Kamel Eltaïef est le dernier nom sur la liste des personnes arrêtées pour conspiration contre l'État. Le magnat de 68 ans a influencé la réalité politique de la Tunisie au cours des dernières décennies, et est perçu comme l'un des principaux représentants de la corruption endémique qui sévit dans le pays. Eltaïef a participé au coup de palais qui a détrôné Habib Bourguiba pour des raisons médicales, devenant l'un des hommes de confiance de l'ancien dictateur Zine El Abidine Ben Ali jusqu'à ce qu'il perde son soutien au début des années 1990. Après le Printemps arabe, il a pu se placer dans l'orbite des gouvernements de coalition successifs dans lesquels Ennahda était présent.
"Que les Turki, Eltaïef, Jelassi ou d'autres puissent discuter, en toute occasion, par exemple au cours d'un dîner, des moyens possibles de changer la situation politique en Tunisie ou même de trouver un remplaçant à Kais Saied, est tout à fait possible et même hautement probable, car ils ont été impliqués dans la vie politique du pays. Mais pour qu'un tel fait, s'il est prouvé, puisse alimenter une accusation de complot contre la sécurité de l'État, il faudrait qu'il prouve l'existence de préparatifs matériels pour une prise de pouvoir illégale ou violente", écrit le journaliste Ridha Kéfi dans les pages du quotidien tunisien Kapitalis.
Les dernières arrestations d'opposants à Saied font suite à celles, en décembre, de l'ancien premier ministre Ali Laarayedh, vice-président d'Ennahda, et de l'ancien ministre de la Justice Noureddine Bhiri, membre du groupe islamiste, tous deux inculpés dans le cadre d'une procédure judiciaire d'enquête sur l'envoi de militants islamistes pour combattre en Syrie. L'opposition et plusieurs groupes de défense des droits de l'homme, tels que Human Rights Watch et Amnesty International, se sont élevés contre ce qu'ils décrivent comme des arrestations arbitraires.

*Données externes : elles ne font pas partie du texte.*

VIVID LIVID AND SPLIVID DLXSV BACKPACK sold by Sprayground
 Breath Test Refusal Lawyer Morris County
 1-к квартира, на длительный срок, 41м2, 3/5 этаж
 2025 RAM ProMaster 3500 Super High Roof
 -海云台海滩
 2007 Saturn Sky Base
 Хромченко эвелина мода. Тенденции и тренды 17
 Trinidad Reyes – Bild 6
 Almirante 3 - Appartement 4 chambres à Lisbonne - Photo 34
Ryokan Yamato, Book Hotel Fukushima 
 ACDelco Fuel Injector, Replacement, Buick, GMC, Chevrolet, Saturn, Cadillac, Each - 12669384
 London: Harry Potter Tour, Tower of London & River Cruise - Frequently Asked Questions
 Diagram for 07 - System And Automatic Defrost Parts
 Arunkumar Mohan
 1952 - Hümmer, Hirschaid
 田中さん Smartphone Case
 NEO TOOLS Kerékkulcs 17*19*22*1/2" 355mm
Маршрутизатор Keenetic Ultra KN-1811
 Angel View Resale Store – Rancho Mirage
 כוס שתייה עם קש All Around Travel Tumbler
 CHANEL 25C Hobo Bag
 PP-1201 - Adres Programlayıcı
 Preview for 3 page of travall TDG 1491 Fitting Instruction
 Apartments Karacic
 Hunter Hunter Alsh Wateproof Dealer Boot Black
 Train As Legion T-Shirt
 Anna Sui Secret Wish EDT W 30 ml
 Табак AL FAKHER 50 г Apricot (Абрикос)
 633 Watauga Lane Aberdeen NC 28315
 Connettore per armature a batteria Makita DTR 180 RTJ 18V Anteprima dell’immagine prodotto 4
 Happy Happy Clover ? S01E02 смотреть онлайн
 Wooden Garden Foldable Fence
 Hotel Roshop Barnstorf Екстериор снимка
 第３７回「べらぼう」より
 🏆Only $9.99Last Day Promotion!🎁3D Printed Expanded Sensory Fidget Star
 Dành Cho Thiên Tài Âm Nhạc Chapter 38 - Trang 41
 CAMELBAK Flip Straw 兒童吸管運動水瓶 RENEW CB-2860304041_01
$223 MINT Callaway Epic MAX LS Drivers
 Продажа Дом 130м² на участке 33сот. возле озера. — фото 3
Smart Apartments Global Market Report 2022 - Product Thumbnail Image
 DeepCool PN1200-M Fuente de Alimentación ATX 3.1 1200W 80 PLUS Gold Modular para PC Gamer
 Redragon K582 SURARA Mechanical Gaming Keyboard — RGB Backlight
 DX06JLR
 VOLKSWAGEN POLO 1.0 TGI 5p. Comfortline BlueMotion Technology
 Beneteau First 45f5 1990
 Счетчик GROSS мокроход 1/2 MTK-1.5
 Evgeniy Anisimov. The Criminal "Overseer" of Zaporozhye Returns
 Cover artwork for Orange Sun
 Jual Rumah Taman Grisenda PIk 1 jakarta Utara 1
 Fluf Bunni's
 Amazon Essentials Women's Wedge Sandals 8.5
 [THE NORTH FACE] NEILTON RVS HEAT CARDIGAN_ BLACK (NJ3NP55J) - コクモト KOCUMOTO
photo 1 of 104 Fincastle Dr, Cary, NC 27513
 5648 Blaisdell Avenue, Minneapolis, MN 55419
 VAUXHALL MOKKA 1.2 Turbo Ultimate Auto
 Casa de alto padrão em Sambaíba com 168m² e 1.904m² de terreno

C'est un mécanisme utilisé assidûment par Saied depuis qu'il a invoqué l'article 80 de l'ancienne constitution en juillet 2021 pour concentrer tous les pouvoirs. Ces prérogatives lui ont donné les pleins pouvoirs pour démanteler l'architecture constitutionnelle et rédiger à sa place une nouvelle Magna Carta, taillée sur mesure pour lui, qui a été approuvée par référendum en juillet de l'année dernière. Depuis lors, cependant, le président a subi une importante perte de soutien, qui s'est matérialisée par des chiffres de participation inquiétants aux élections législatives, en raison du faible taux de participation aux scrutins.
Alors que Saied subit une saignée dans les rues et ne parvient pas à inverser la crise, l'opposition reste fortement divisée. D'un côté, il y a les islamistes d'Ennahda et leurs partenaires radicaux de la Coalition pour la dignité, ainsi que les militants de Citoyens contre le coup d'État et les profils indépendants de l'ancien parlement, qui veulent regagner l'espace perdu. D'autre part, il y a les petits cercles et les plates-formes qui se forment autour du Parti destourien libre d'Abir Moussi, qui cherche à restaurer le régime prérévolutionnaire de Ben Ali.